**Exercise description**.
Copy out the lines of the records below, and only those lines, from the one with "ibis Styles Goiania Marista" through the one with "देशी गाय संशोधन", exactly as they appear.

**Collection entries**.
────

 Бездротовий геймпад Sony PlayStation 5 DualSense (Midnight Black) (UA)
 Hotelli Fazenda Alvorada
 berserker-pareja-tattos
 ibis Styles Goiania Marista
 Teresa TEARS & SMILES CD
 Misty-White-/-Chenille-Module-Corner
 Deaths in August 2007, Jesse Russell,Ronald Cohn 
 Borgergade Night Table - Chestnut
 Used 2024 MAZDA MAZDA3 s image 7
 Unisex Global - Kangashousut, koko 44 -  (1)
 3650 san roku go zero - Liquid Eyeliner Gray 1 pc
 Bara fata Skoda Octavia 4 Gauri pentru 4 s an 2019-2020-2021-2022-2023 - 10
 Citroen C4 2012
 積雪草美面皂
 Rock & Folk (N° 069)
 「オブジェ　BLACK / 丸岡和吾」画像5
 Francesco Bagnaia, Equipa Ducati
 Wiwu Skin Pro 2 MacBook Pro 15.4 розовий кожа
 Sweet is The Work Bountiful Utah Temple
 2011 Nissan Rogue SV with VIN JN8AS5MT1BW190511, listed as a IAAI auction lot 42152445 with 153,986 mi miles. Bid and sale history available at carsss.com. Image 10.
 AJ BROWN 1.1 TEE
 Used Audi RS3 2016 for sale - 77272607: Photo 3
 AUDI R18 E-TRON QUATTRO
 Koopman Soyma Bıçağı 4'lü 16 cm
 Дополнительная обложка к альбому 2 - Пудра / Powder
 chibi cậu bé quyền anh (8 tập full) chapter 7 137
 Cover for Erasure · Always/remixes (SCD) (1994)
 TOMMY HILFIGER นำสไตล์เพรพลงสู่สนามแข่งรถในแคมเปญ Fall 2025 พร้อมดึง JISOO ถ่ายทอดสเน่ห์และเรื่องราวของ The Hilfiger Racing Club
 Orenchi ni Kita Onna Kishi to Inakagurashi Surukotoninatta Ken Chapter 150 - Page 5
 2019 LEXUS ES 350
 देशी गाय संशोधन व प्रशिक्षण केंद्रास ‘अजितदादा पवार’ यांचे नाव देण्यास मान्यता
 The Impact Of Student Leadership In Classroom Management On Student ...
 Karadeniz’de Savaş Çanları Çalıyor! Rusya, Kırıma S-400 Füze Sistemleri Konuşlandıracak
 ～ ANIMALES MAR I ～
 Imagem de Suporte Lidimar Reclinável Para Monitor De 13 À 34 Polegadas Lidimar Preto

────

**Task response**.
 ibis Styles Goiania Marista
 Teresa TEARS & SMILES CD
 Misty-White-/-Chenille-Module-Corner
 Deaths in August 2007, Jesse Russell,Ronald Cohn 
 Borgergade Night Table - Chestnut
 Used 2024 MAZDA MAZDA3 s image 7
 Unisex Global - Kangashousut, koko 44 -  (1)
 3650 san roku go zero - Liquid Eyeliner Gray 1 pc
 Bara fata Skoda Octavia 4 Gauri pentru 4 s an 2019-2020-2021-2022-2023 - 10
 Citroen C4 2012
 積雪草美面皂
 Rock & Folk (N° 069)
 「オブジェ　BLACK / 丸岡和吾」画像5
 Francesco Bagnaia, Equipa Ducati
 Wiwu Skin Pro 2 MacBook Pro 15.4 розовий кожа
 Sweet is The Work Bountiful Utah Temple
 2011 Nissan Rogue SV with VIN JN8AS5MT1BW190511, listed as a IAAI auction lot 42152445 with 153,986 mi miles. Bid and sale history available at carsss.com. Image 10.
 AJ BROWN 1.1 TEE
 Used Audi RS3 2016 for sale - 77272607: Photo 3
 AUDI R18 E-TRON QUATTRO
 Koopman Soyma Bıçağı 4'lü 16 cm
 Дополнительная обложка к альбому 2 - Пудра / Powder
 chibi cậu bé quyền anh (8 tập full) chapter 7 137
 Cover for Erasure · Always/remixes (SCD) (1994)
 TOMMY HILFIGER นำสไตล์เพรพลงสู่สนามแข่งรถในแคมเปญ Fall 2025 พร้อมดึง JISOO ถ่ายทอดสเน่ห์และเรื่องราวของ The Hilfiger Racing Club
 Orenchi ni Kita Onna Kishi to Inakagurashi Surukotoninatta Ken Chapter 150 - Page 5
 2019 LEXUS ES 350
 देशी गाय संशोधन व प्रशिक्षण केंद्रास ‘अजितदादा पवार’ यांचे नाव देण्यास मान्यता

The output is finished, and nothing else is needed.